With the pictures left out, restate exactly the part below that opens with the line containing "A Christmas clipart" and closes with the line containing "2.37캐럿 천연 딥".

(Beginning of DATA SHOWN)

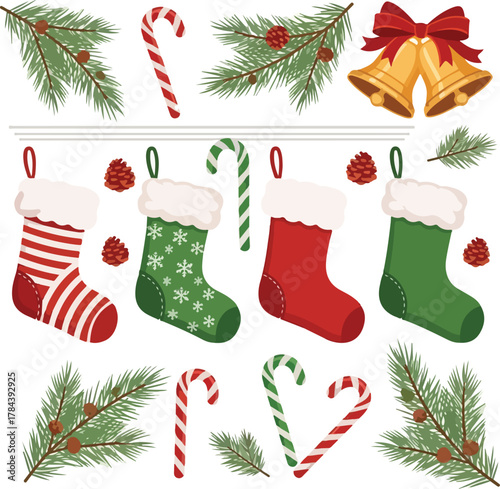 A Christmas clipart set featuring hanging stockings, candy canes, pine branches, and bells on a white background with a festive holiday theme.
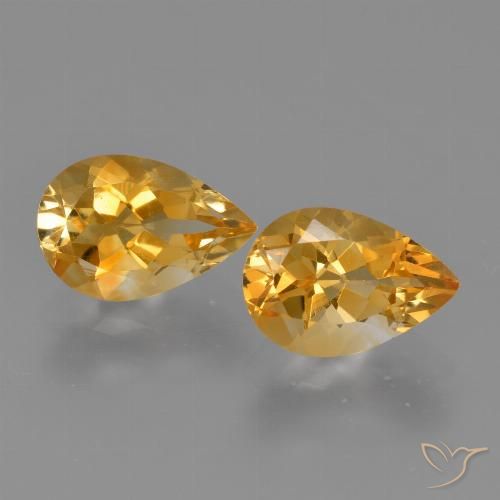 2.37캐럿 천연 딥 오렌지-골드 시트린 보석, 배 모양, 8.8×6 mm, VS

(End of DATA SHOWN)
(Beginning of DATA SHOWN)

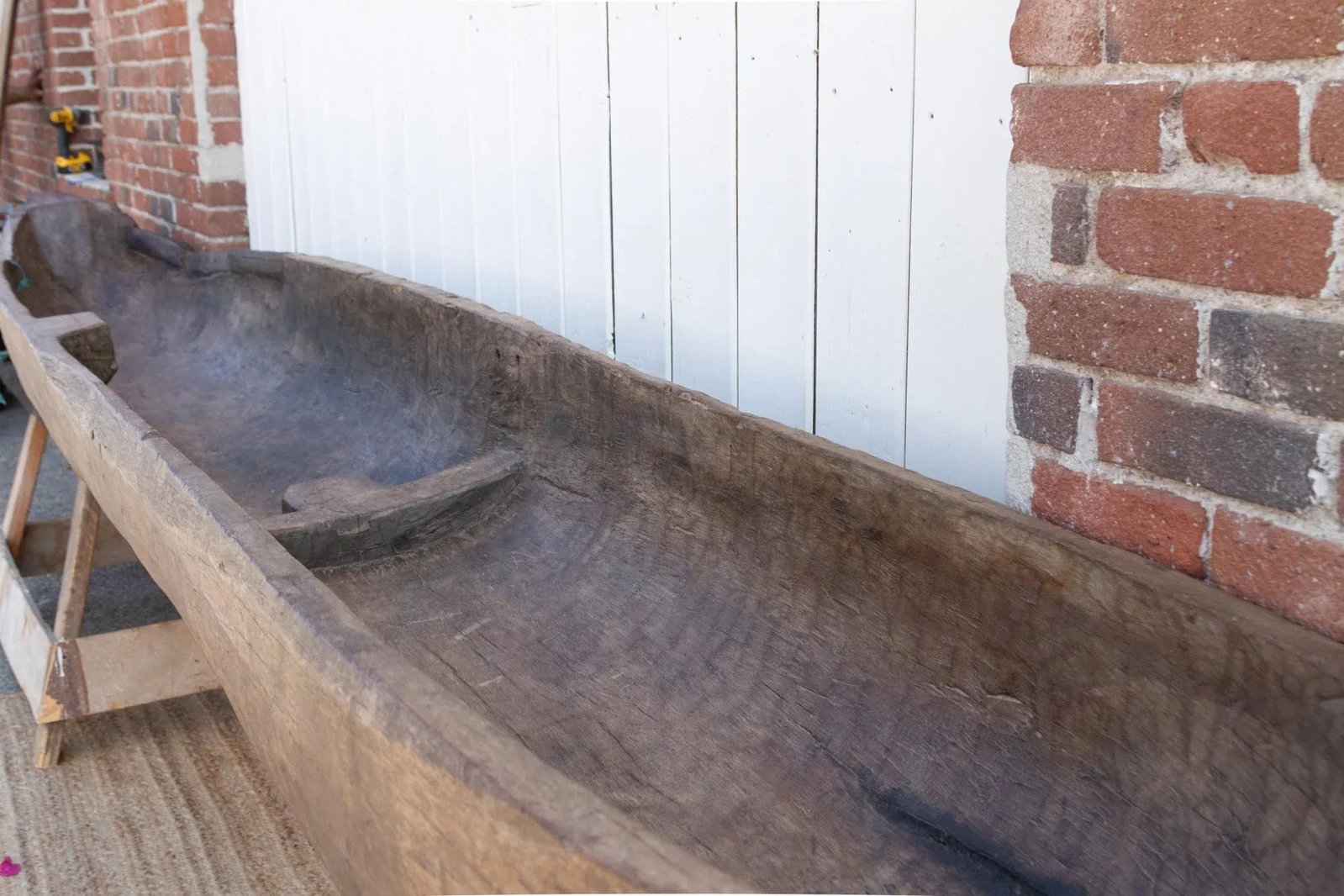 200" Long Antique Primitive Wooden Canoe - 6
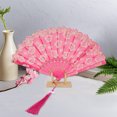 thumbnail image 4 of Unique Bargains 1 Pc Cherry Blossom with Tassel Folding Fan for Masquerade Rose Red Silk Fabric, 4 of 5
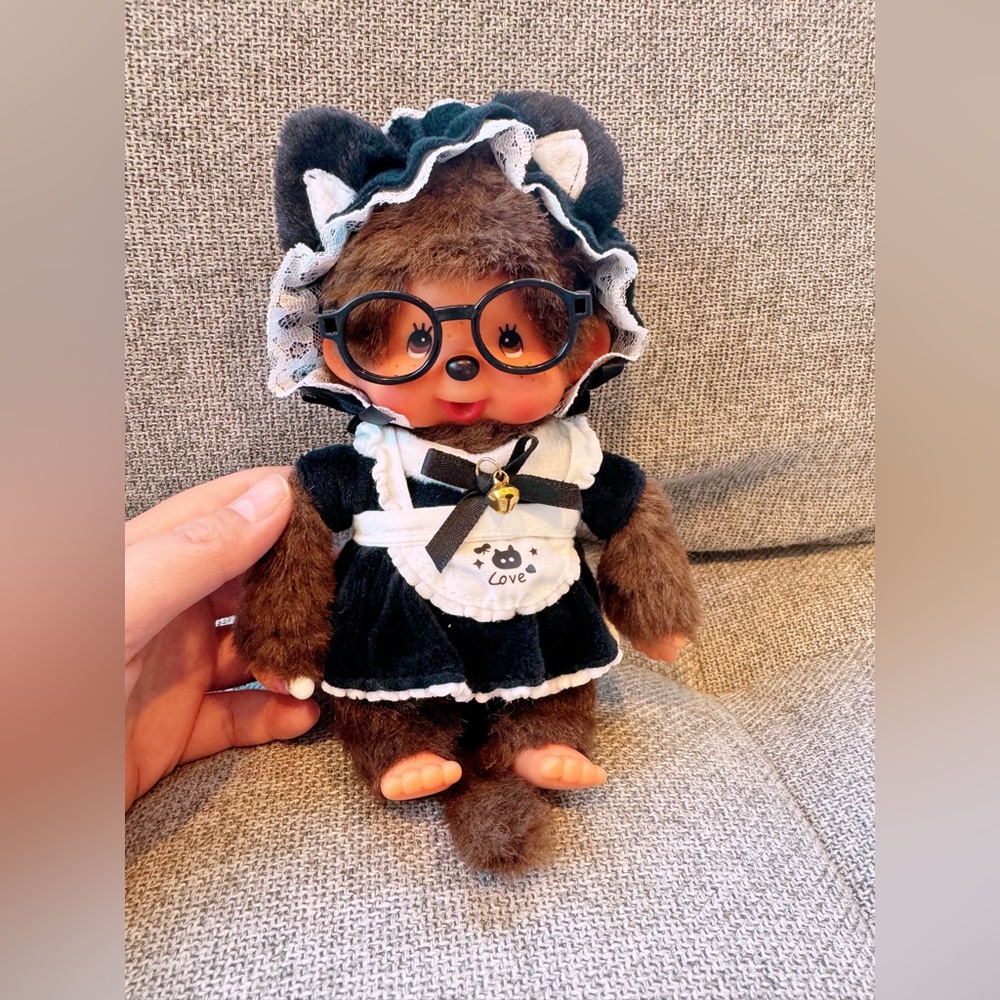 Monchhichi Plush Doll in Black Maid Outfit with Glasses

(End of DATA SHOWN)
(Beginning of DATA SHOWN)

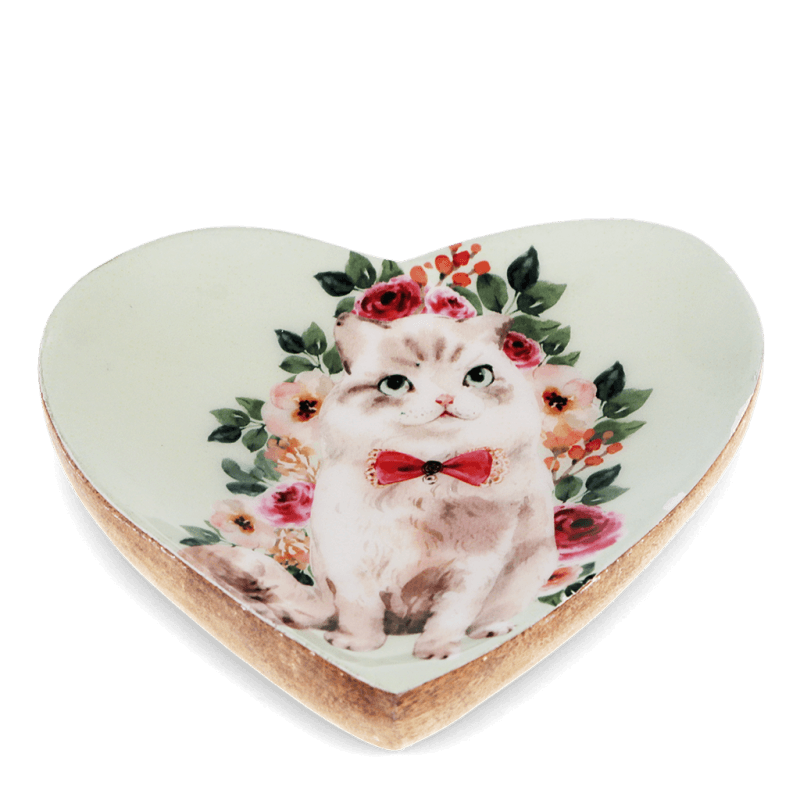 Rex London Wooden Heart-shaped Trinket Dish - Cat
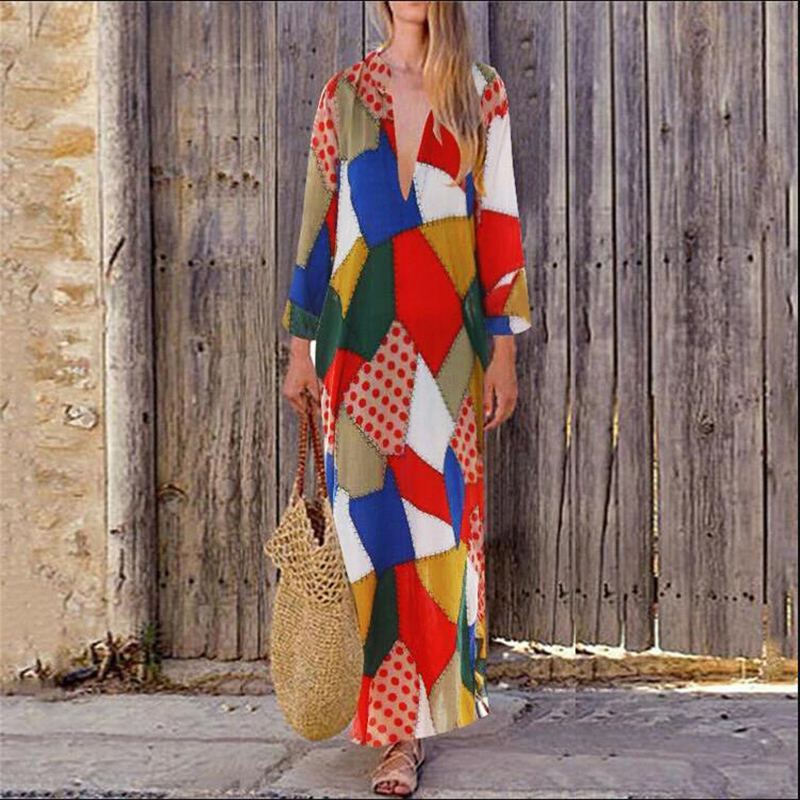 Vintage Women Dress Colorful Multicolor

(End of DATA SHOWN)

▸ TASK RESULT
 A Christmas clipart set featuring hanging stockings, candy canes, pine branches, and bells on a white background with a festive holiday theme.
 2.37캐럿 천연 딥 오렌지-골드 시트린 보석, 배 모양, 8.8×6 mm, VS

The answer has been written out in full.